Miss South and I have a long-running appreciation of the herring family: from whitebait, the essential anchovy (in all its multifarious forms) through to sprats, pilchards, sardines and herrings; little silvery fish get a full-on thumbs up.
Curiously I’d come late to the pleasures of sprats… but once I discovered how cheap (and I mean cheap) a handful of good fresh sprats could be, I was a convert. Normally I’d have them very simply; tossed in a dusting of flour and smoked paprika, grilled whole and finished with a little freshly-squeezed lemon juice, then eaten with some fresh crusty bread. The fact these small fish also answered to the delightfully silly scientific name of Sprattus Sprattus only enhanced their place high up the canon of favourite, fast, fishy fixes. But I alliterate too much…
So I was delighted when Miss South gifted me a tin of Swedish sprats as a Christmas stocking filler, which she’d picked up on her previously documented mission to the wonderful Scandanavian Kitchen. Miss South’s cryptic gift tag suggested whatever was under the wrapping paper would be perfect for Jansson’s Temptation. Suspecting this might be a lesser-known Ingmar Bergman movie, I was unsure what to expect, and was relieved when I found a tin of lightly pickled fish labelled ‘Ansjovis’. Produced, incidentally, by Abba, who seem to dominate the Swedish fish market as absolutely as they dominated late 70s pop charts. I thought she’d tapped into a long-running and slightly tongue-in-cheek tradition we’ve established of giving each other very good quality anchovies, but she soon set me straight.
An etymological note here: the pesky Swedes confuse English-speakers no end by referring to their sprats as ansjovis (and their anchovies as sardeller, to further muddy the linguistic waters). So when I started hunting around for recipes for Jansson’s temptation (or Janssons frestelse) I quickly found erroneous references to anchovies. However the basic ingredients otherwise seemed the same in most versions of the recipe. Today I decided to allay the chilly mid-January blues by finding out what Jansson got so hot under the collar about…

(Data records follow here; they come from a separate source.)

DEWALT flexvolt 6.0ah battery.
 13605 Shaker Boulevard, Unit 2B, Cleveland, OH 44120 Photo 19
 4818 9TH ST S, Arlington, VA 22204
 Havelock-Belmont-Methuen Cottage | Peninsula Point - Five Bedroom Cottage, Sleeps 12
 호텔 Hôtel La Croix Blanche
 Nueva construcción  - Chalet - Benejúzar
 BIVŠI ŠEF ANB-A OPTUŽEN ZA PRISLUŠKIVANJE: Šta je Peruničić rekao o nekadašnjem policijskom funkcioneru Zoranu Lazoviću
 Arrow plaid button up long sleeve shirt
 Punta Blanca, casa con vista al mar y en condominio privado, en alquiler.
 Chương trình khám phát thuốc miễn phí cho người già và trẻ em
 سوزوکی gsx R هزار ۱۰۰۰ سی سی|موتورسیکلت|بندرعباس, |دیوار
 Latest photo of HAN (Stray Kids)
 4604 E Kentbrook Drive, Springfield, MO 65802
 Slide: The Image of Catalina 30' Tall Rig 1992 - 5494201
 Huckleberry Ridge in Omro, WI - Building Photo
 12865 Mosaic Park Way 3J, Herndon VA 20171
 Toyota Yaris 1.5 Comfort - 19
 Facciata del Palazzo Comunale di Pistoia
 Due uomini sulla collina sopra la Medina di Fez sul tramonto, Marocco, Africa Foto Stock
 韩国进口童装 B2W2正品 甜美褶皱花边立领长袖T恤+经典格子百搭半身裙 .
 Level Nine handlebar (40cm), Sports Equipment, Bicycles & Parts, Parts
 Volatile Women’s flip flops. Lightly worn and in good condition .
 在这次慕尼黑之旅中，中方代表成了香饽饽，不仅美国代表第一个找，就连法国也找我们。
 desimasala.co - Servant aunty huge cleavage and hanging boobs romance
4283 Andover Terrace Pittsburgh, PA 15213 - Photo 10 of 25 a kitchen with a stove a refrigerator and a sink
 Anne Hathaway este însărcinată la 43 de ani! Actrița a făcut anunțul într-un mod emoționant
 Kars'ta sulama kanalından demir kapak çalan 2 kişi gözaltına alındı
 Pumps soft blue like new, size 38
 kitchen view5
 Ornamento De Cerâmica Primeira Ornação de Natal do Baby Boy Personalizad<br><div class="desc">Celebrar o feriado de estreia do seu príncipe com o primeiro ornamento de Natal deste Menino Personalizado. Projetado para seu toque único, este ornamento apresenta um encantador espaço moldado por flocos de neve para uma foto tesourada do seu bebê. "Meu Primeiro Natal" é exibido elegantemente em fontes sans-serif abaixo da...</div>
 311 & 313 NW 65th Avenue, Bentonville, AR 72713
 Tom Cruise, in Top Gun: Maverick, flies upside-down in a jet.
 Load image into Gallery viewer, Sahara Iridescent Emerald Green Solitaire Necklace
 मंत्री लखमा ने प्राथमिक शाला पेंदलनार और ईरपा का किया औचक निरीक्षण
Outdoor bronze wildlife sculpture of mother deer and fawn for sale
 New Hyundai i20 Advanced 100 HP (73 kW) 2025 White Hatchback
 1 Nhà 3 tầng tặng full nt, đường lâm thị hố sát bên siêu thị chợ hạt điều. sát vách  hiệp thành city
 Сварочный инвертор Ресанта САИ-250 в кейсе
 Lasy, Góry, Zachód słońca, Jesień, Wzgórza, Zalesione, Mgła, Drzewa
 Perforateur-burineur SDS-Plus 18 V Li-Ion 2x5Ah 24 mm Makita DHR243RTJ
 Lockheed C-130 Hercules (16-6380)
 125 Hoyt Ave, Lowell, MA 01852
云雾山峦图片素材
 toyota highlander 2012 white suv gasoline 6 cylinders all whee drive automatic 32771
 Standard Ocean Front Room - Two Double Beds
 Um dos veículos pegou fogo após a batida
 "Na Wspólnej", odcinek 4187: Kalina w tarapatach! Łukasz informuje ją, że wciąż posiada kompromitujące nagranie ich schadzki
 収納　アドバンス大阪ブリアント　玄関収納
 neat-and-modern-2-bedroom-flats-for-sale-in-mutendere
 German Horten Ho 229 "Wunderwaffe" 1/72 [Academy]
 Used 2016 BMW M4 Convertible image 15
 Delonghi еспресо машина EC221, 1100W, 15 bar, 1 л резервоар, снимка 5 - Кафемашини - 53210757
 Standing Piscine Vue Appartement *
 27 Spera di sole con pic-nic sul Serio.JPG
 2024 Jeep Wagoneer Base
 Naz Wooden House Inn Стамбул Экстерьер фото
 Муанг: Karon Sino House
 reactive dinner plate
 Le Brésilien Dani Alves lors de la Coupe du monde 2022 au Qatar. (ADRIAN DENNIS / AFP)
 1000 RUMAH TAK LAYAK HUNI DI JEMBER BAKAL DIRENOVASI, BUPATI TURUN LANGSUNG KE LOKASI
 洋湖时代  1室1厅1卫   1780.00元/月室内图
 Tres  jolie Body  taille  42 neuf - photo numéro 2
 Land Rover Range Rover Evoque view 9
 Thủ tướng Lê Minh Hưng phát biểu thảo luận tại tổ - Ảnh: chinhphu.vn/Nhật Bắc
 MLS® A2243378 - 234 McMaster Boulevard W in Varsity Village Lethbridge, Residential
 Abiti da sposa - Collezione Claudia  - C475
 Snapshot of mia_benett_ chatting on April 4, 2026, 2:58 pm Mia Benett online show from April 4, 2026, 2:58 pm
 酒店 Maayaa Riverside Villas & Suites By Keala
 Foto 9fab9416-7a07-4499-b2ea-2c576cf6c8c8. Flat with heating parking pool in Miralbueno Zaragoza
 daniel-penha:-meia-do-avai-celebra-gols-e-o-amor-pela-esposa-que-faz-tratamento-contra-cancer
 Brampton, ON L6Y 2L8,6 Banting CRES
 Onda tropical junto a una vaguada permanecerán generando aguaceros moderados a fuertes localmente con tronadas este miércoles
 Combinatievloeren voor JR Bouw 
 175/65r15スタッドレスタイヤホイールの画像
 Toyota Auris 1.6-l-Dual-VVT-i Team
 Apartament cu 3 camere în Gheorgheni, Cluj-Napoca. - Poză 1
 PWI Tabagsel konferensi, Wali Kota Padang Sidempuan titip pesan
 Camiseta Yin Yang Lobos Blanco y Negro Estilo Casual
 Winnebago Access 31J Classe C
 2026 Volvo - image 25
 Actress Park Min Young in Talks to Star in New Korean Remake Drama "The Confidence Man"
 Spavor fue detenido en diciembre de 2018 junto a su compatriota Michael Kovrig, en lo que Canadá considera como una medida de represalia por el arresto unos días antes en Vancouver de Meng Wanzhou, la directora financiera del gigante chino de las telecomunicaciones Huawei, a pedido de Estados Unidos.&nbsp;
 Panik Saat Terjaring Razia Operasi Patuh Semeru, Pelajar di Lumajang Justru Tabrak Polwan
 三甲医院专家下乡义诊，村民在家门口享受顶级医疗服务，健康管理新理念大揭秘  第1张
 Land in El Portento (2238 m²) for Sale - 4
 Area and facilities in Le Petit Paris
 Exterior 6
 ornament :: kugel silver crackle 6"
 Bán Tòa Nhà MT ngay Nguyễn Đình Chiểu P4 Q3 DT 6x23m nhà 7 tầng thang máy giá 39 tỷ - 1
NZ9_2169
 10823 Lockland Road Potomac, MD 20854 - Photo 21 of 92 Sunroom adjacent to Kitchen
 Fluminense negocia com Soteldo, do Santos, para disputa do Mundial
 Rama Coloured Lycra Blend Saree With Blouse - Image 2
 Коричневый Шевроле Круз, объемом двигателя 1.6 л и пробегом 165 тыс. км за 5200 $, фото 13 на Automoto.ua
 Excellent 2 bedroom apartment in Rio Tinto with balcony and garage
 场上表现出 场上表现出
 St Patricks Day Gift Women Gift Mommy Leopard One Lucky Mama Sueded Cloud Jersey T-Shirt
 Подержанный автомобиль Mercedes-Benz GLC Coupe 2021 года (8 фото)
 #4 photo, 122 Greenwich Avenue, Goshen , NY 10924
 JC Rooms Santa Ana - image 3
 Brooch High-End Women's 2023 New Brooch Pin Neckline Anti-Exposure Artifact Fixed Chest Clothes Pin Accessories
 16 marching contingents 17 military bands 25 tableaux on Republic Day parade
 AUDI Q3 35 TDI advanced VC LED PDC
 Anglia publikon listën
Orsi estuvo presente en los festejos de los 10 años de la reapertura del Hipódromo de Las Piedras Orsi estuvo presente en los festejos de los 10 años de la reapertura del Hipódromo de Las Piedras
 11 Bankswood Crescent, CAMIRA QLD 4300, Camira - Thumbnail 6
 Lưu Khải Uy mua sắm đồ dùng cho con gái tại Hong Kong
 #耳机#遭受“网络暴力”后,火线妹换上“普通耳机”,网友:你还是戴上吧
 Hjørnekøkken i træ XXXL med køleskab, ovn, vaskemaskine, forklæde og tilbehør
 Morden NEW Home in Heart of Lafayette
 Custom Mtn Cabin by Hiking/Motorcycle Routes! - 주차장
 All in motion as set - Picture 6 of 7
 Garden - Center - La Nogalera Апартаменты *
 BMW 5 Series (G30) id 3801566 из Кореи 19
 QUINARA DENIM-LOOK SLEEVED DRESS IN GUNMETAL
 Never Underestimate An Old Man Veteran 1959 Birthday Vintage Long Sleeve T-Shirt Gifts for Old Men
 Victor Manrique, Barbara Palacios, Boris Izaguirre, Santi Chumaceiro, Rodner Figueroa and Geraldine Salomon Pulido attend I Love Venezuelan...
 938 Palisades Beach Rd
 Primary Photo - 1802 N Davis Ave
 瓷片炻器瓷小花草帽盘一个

First, the main oven was pre-heated to around 200° (Gas Mark 6). I finely diced a large Spanish onion, and added the liquid from the tin of fish (a light salty-sweet pickling solution) with a little oil to the bottom of a pan to heat through. Softening the onions for around five minutes first, I then added three thinly-sliced Desirée potatoes (I went for sliced, rather than matchstick-like as some recipes suggest… and I also kept the skins on. I don’t care if I go to hell for this… I like ’em) and sweated the whole mix for around 10 minutes. A softly vinegar & aniseed-like aroma escaped from the lid everytime I checked progress: once I was happy I took the veg off the heat, stirred in a small pot of double cream, and seasoned generously.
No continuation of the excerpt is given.